## Task goal
When you reach the line with "猪头里弗斯又一名场面。就在刚刚，要是字母哥不从里弗斯手里拿过战术板，亲自画战术" in the listing below, transcribe it and each line after it up to and including the line with "Recambio de caja", exactly and with nothing else.

[Start of section]

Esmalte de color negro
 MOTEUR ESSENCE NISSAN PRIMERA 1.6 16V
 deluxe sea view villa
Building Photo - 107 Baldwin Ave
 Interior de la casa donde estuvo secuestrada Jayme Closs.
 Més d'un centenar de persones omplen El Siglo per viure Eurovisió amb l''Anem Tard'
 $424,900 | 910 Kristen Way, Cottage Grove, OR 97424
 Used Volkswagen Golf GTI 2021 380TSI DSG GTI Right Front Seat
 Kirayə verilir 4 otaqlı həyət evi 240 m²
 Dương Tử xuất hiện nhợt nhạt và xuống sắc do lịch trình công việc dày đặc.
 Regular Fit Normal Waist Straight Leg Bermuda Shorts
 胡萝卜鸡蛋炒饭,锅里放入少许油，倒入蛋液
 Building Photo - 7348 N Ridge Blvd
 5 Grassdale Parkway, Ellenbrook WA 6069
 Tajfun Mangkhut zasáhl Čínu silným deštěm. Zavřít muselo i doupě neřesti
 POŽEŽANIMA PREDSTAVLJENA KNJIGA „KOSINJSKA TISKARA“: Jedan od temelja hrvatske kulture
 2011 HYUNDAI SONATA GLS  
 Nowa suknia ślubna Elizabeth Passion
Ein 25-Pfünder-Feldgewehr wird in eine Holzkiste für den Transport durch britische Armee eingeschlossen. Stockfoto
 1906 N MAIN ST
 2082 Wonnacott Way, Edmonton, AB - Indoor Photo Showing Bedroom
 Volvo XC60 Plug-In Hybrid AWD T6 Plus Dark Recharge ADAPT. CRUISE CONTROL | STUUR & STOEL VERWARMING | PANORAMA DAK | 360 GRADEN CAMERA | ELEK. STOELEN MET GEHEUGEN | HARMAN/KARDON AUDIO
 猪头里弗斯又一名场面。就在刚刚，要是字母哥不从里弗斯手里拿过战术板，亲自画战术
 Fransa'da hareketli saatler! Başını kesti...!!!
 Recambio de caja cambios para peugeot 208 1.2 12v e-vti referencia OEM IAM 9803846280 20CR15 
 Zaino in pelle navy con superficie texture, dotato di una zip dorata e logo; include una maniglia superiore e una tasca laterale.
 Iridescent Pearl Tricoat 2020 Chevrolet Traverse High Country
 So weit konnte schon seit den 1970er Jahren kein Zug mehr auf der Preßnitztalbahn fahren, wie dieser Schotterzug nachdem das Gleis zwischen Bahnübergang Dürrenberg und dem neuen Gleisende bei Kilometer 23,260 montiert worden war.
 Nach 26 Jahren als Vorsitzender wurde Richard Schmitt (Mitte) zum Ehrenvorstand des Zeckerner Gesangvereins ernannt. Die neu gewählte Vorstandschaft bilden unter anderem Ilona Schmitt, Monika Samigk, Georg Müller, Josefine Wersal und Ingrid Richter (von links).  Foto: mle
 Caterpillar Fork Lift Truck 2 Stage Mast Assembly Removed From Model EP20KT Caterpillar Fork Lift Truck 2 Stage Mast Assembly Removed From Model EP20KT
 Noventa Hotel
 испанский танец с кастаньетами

[End of section]

## Response area
 猪头里弗斯又一名场面。就在刚刚，要是字母哥不从里弗斯手里拿过战术板，亲自画战术
 Fransa'da hareketli saatler! Başını kesti...!!!
 Recambio de caja cambios para peugeot 208 1.2 12v e-vti referencia OEM IAM 9803846280 20CR15 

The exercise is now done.